Well, then, that’s just stupid, int’nit?
Welcome to the world of a stupid kid.
To his credit, he did realize he was passing a cop.
Just as he got about halfway through the pass. I’m guessing he looked up finally, and saw all the purty badges and stars and giant SHERIFF’S POLICE lettering reflected in the soft glow of his blue-white headlights.
His car’s front end dug down deep into the asphalt as he suddenly tried to stop. As he suddenly tried to get back behind me.
Problem was, he was already out there, baby. Already flying – going commando – in the opposite lane.
And knew I’d seen him. Or assumed it.
Dumbass hesitated. Cars are coming toward him and he was running next to me like we’re racing. About 736 hours later, he finally committed and completed the pass. Sort of like making a pass at your best friend’s girl. Once you’ve started, the intent of the deed is already done. Gotta keep going. No way you can take that back
Plus, I’d already lit him up. Soon as he’d gotten halfway through his particular version of dropping trou, I banged on my lights.
And he instantly jammed on his brakes.
Dude…. Really? Go around a cop, get back in front of him, and brake immediately?
So we get stopped and me and my rider go up to the window.
“What are you doing?” I asked.
“What are you doing?”
“Uh…going to work.”
And he finally looked up at me and into my flashlight.
Hah!

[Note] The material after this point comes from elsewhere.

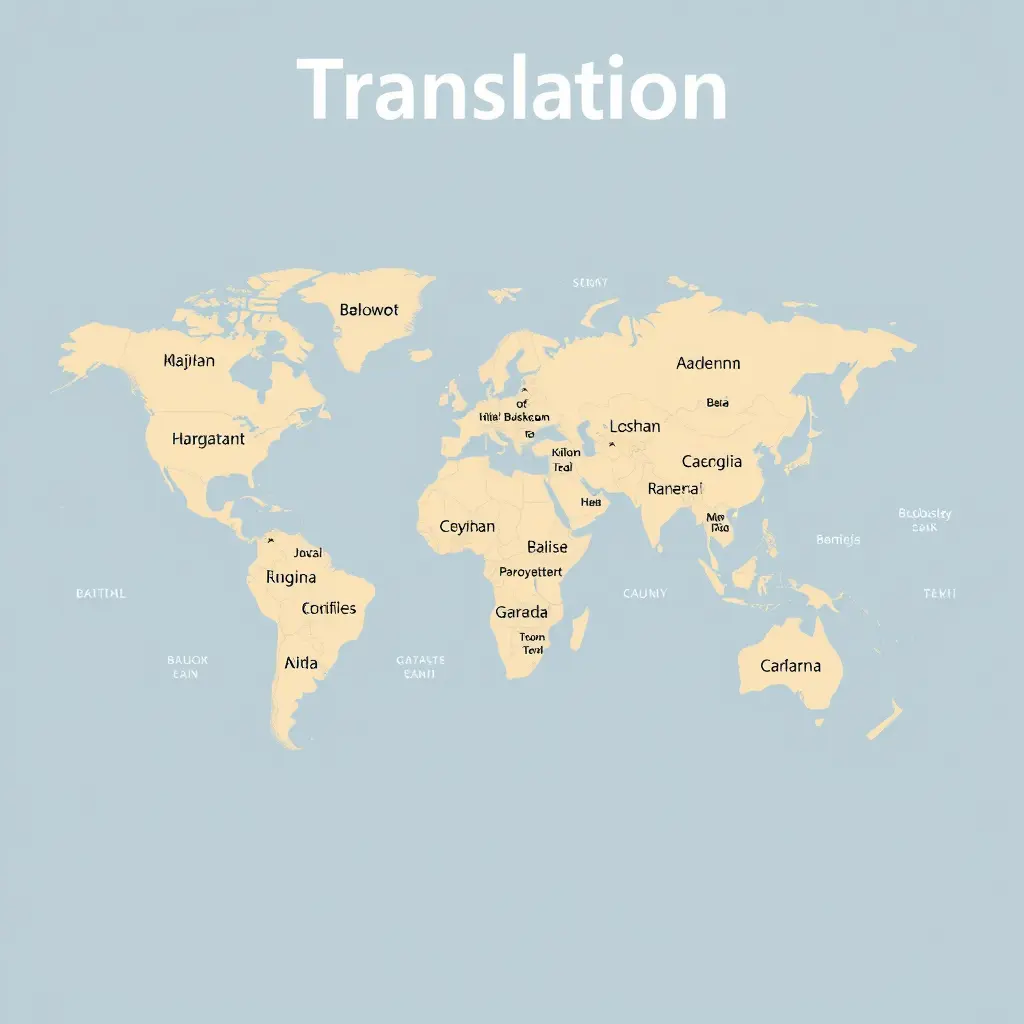 Create an image of the translation of all languages ​​with a width of 1700 pixels and a height of 970 pixels.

Busted! DUI! Eyes glassy and bloodshot and I was dancing a little jig. Right there on the side of the road, dancing the DUI jig.
Okay, not really ’cause that would have looked bad. Would have looked like I was gloating over someone’s misfortune.

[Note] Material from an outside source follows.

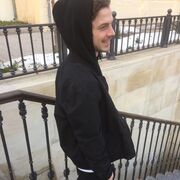 ���������� ������, ���� ������� �������, 36 ���, ������������ ��� ������, ����� � ���������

Turns out he worked at Wal-Mart (should have arrested him then and there for servicing Satan, but everybody’s gotta work…if you can dig it)

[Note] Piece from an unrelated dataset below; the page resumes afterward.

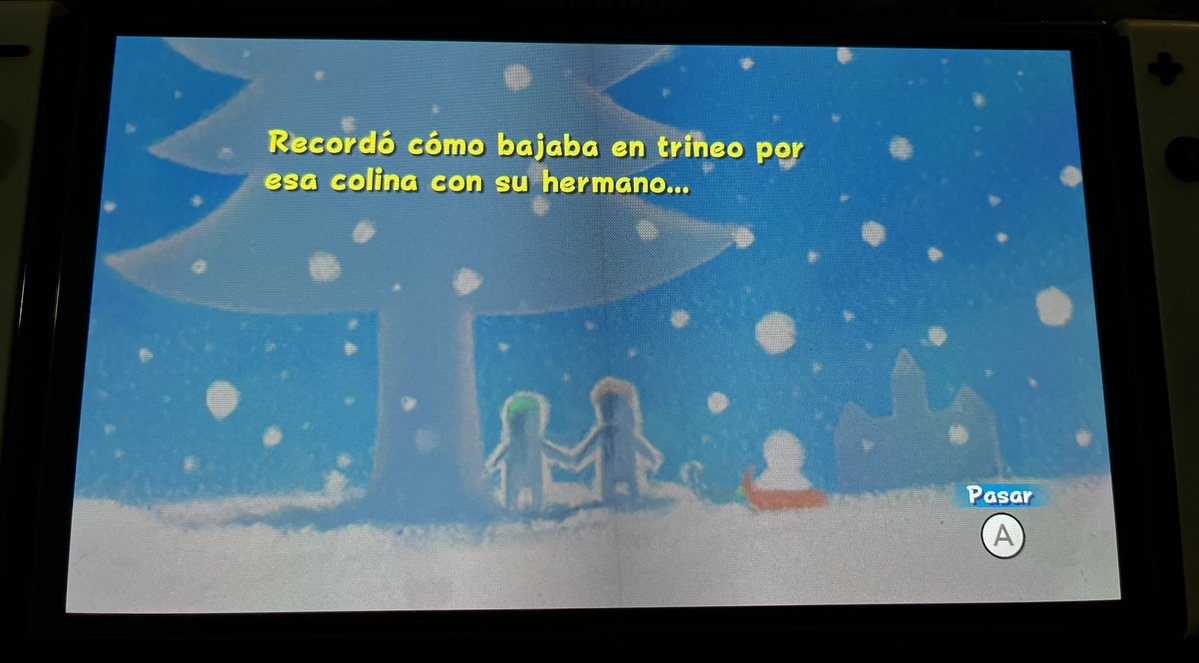 RetroBit tweet media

Also turns out he wasn’t drunk, just a dumbass kid.
“Why’d you pass me?”
“Why did you pass me? I was going 55. This is a 55 zone.”
“Uh…I was going 52 behind you.”
“And how fast did you have to go to get around me?”
His answers sort of petered out after that.
But his texting never did. Phone sitting right on the passenger seat, within easy reach.
Hmmmm…texing on a dark night, maybe? Texting while heading to work in the belly of Satan, perhaps?
Texting up until that very scary moment when you bothered to look up and realize that car next to you wasn’t just a white sedan, but the poh-poh?
So maybe, just maybe, if all that happened, and he was a decent kid, I’d let him go with a warning not to be quite so stupid in the future, though I probably wouldn’t say it quite like that.
If all that happened.
And if it did, I’d finish up, then see about that thing with the horse and buggy in the creek.